An Author Who Has Already Read the Ending
Imagine an author who is sitting with a reader who is partway through a novel. The reader is distressed — the protagonist is in terrible danger, and the outcome looks bleak. But the author has already written the final chapter. The author knows, with full certainty, exactly how the story resolves. The reader's anxiety is real. But the author is not anxious.
That is an imperfect but useful picture of the relationship between your current circumstances and God's perspective on your life. He is not reading your story in real time, uncertain of the outcome. He wrote it. Not in the sense that your choices are scripted or your agency is removed — but in the sense that His sovereignty operates simultaneously over every timeline, every variable, every contingency. Nothing surprises Him. Nothing derails His purposes.
Ephesians 2:10 says you are "His workmanship, created in Christ Jesus for good works, which God prepared beforehand that you should walk in them." Beforehand. The works were prepared before you arrived at them. Which means that where you are going — the next season, the next purpose, the thing your heart has been reaching toward — has already been shaped and readied for your arrival.
What This Does to Fear
Fear about the future has a particular texture: it is the feeling of walking toward something unknown and uncontrolled. Of being exposed. Of not knowing if the ground ahead will hold. That feeling is very real, and it deserves to be treated with compassion rather than dismissal.
But what changes when you genuinely internalize that God has already been in the future you are afraid of? It does not eliminate the difficulty of what may lie ahead. But it changes the nature of the walk. You are not walking into territory that is unfamiliar to the One who walks with you. You are walking toward something He has already scouted, already prepared, and is already inhabiting with His presence and His provision.
The disciples were terrified the night before the crucifixion. They did not know that Easter was three days away.

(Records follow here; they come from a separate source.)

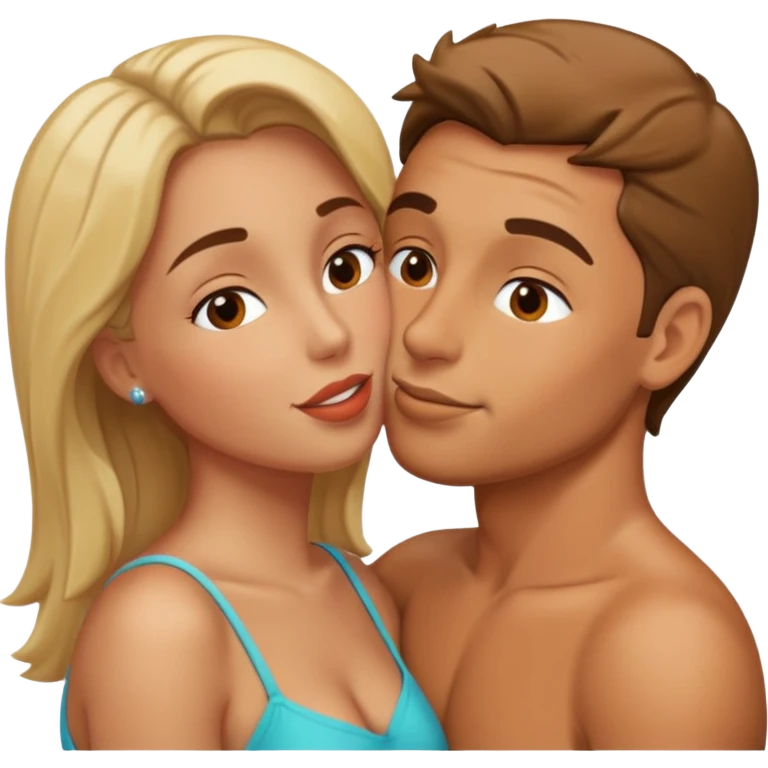 Kissing  emoji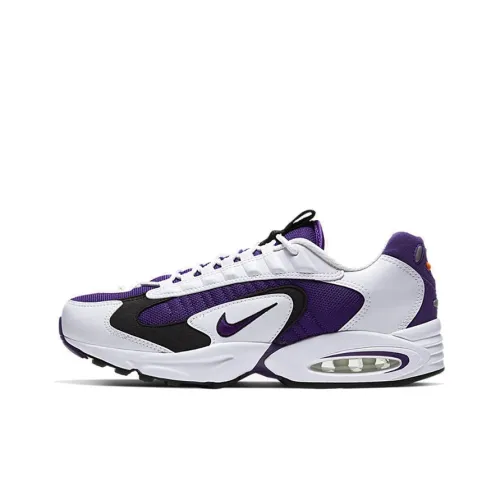 Nike Air Max Tria 96 Low Топ Casual Унисекс Белый Фиолетовый
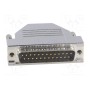 D-sub pin 25 ENCITECH DCRP25-DMP-CF65-CS80-K (DCRP25-DMP-CF65)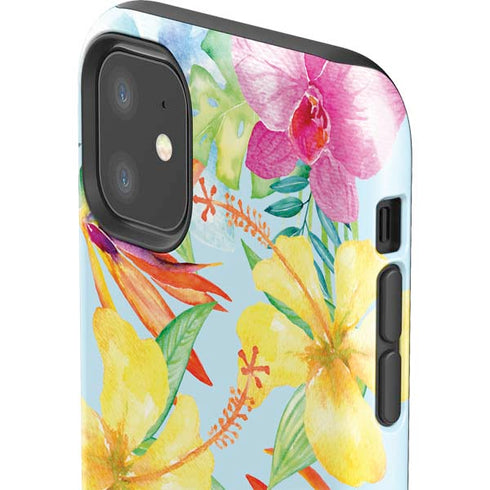 Tropical Daze iPhone 11 Impact Case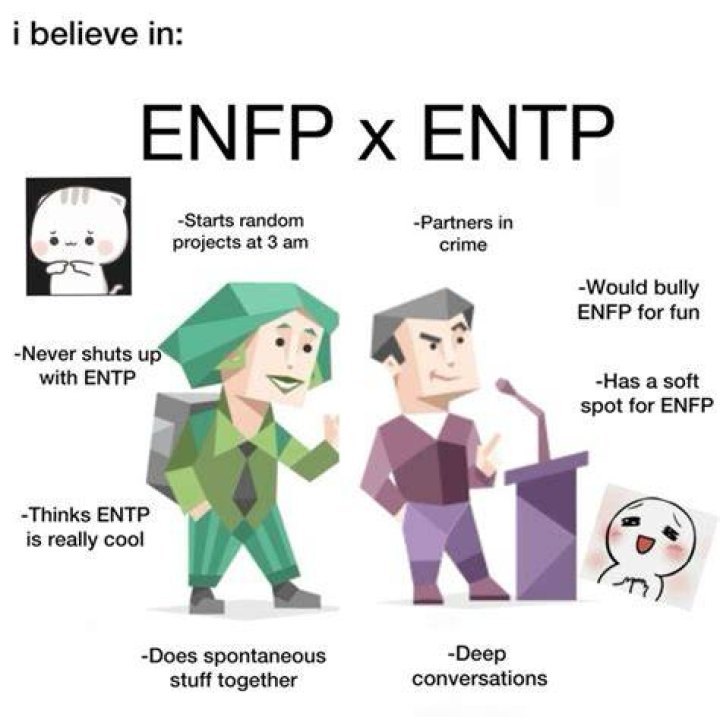 What inspires an ENFP?
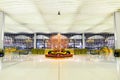 Hong Kong International Airport interior Royalty Free Stock Photo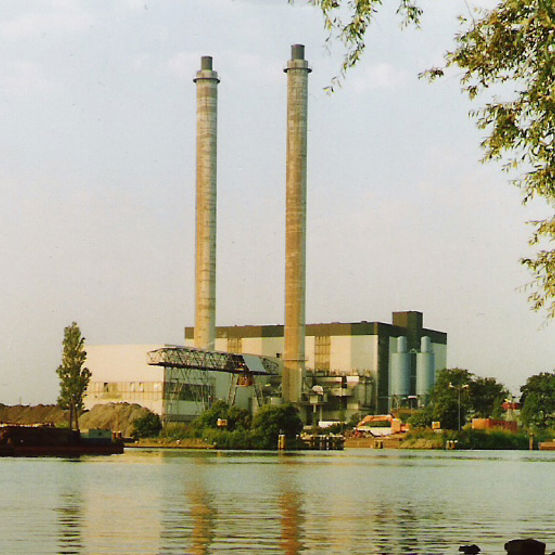 Waste-to-energy plant in Amsterdam-Noord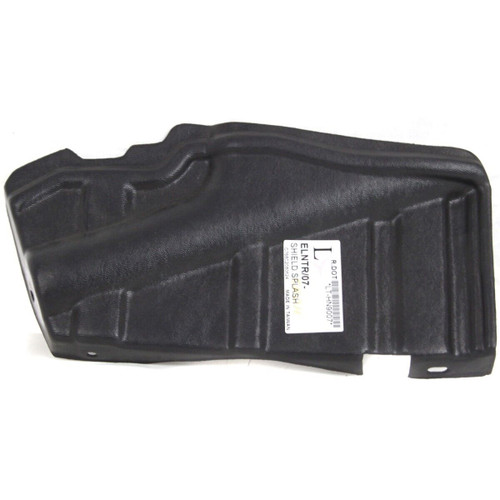 UNDERCAR SHIELD LH OUTER REPLACEMENT FOR HYUNDAI ELANTRA SEDAN 1992-2010 2010 PARTSLINK NUMBER HY1228118 UNDERCAR SHIELD LH OUTER REPLACEMENT FOR HYUNDAI ELANTRA SEDAN 1992-2010 2010 PARTSLINK NUMBER HY1228118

They only saw the end of everything they had trusted. But God was already in Sunday — already in the resurrection — already orchestrating the thing that would change the world. They were afraid of a future that God had already secured.

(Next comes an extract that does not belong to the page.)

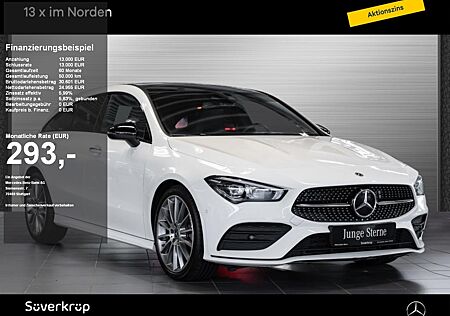 Mercedes-Benz CLA 250 SB , BURM AMG NIGHT KAMERA SPUR PANO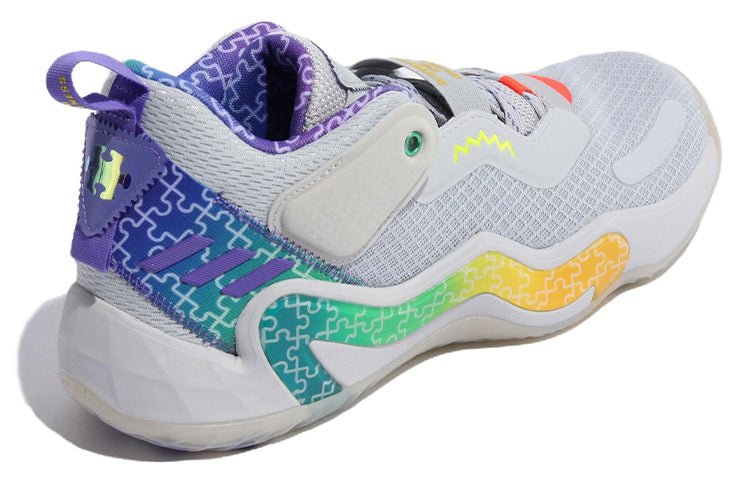 adidas D.O.N. Issue #3 GCA 'Autism Speaks' GW3645 - Image 4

You may be afraid of a future that God has already secured.
Let His Presence in Your Tomorrow Inform Your Present
The practical implication of this truth is not passivity. It is peace. Peace that, as Philippians 4:7 says, surpasses human understanding — because it is not generated by understanding the outcome. It is generated by knowing the character of the One who holds the outcome.
You can move forward. Not because you know everything about what is ahead. But because He does. Not because the path is clear. But because the Guide is trustworthy. Not because the future is guaranteed to look the way you planned. But because the God who is already there is the same God who has never once broken a promise, never once abandoned someone who trusted Him, and never once stopped working all things together for the good of those He loves.
"And we know that all things work together for good to those who love God, to those who are the called according to His purpose."
— Romans 8:28All things. Not the comfortable things. Not the things that went according to plan. All things — including the detours, the losses, the surprises, the seasons of confusion and grief and uncertainty that feel like they are derailing everything.
He is already in your tomorrow. Walk toward it. He will meet you there — exactly as He promised. He always does.